> TASK INSTRUCTIONS
A word-for-word copy of the data is what's wanted, with no pictures.

══ PROVIDED MATERIAL

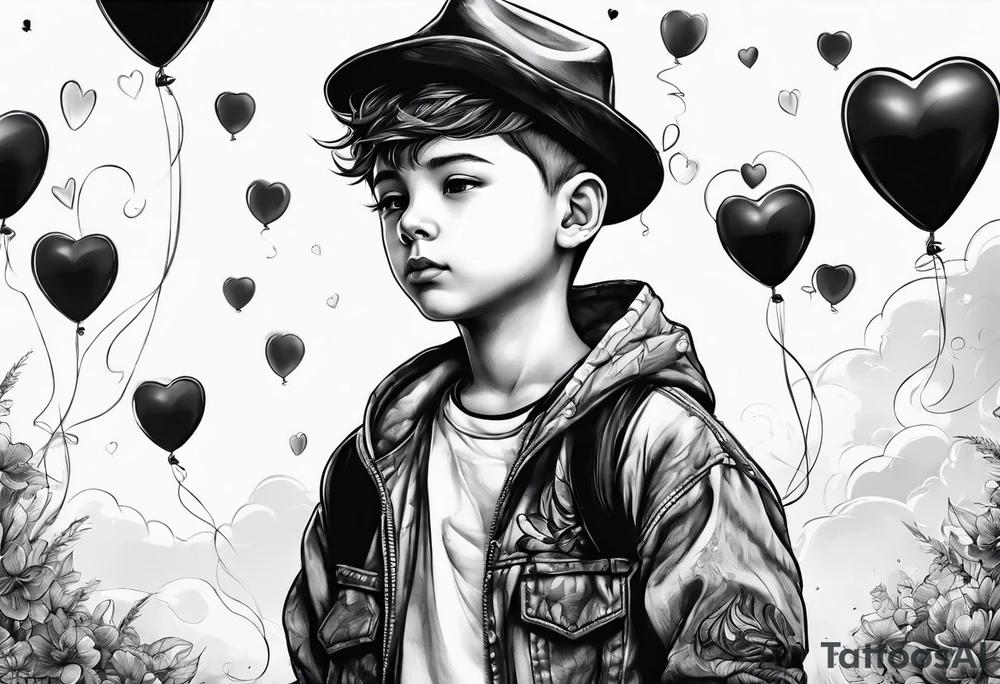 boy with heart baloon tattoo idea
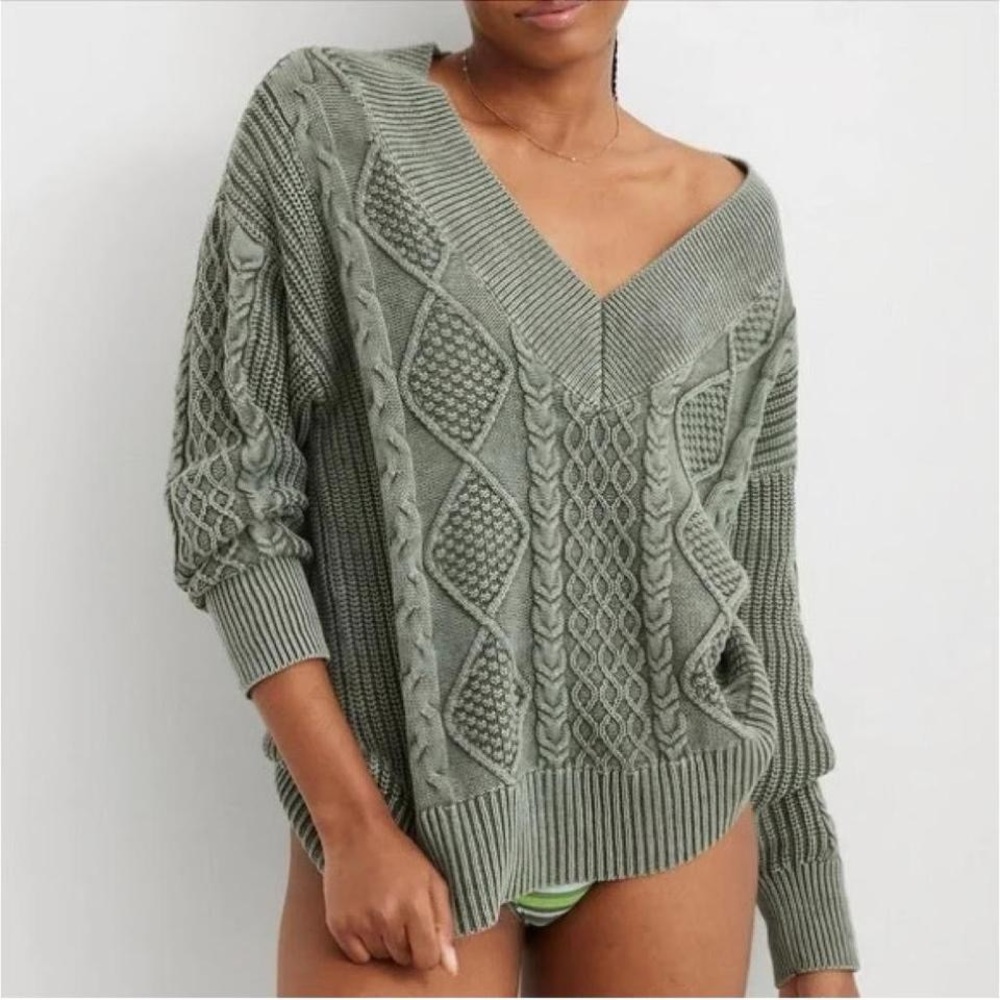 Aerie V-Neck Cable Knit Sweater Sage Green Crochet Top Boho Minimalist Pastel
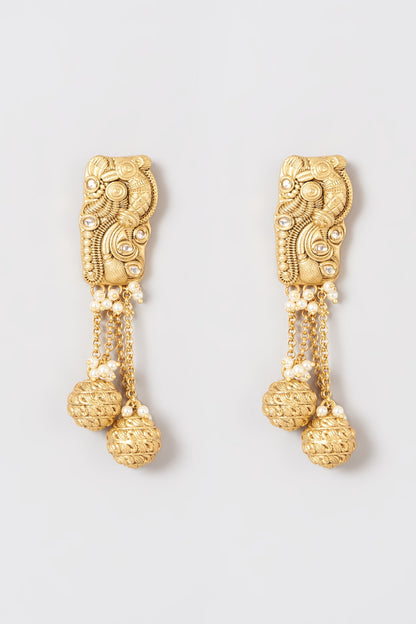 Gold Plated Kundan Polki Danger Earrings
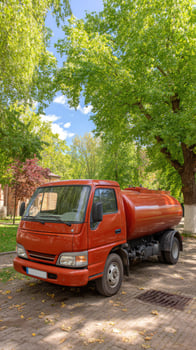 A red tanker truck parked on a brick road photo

════

> SOLUTION FOR THIS TASK
 boy with heart baloon tattoo idea
 Aerie V-Neck Cable Knit Sweater Sage Green Crochet Top Boho Minimalist Pastel
 Gold Plated Kundan Polki Danger Earrings
 A red tanker truck parked on a brick road photo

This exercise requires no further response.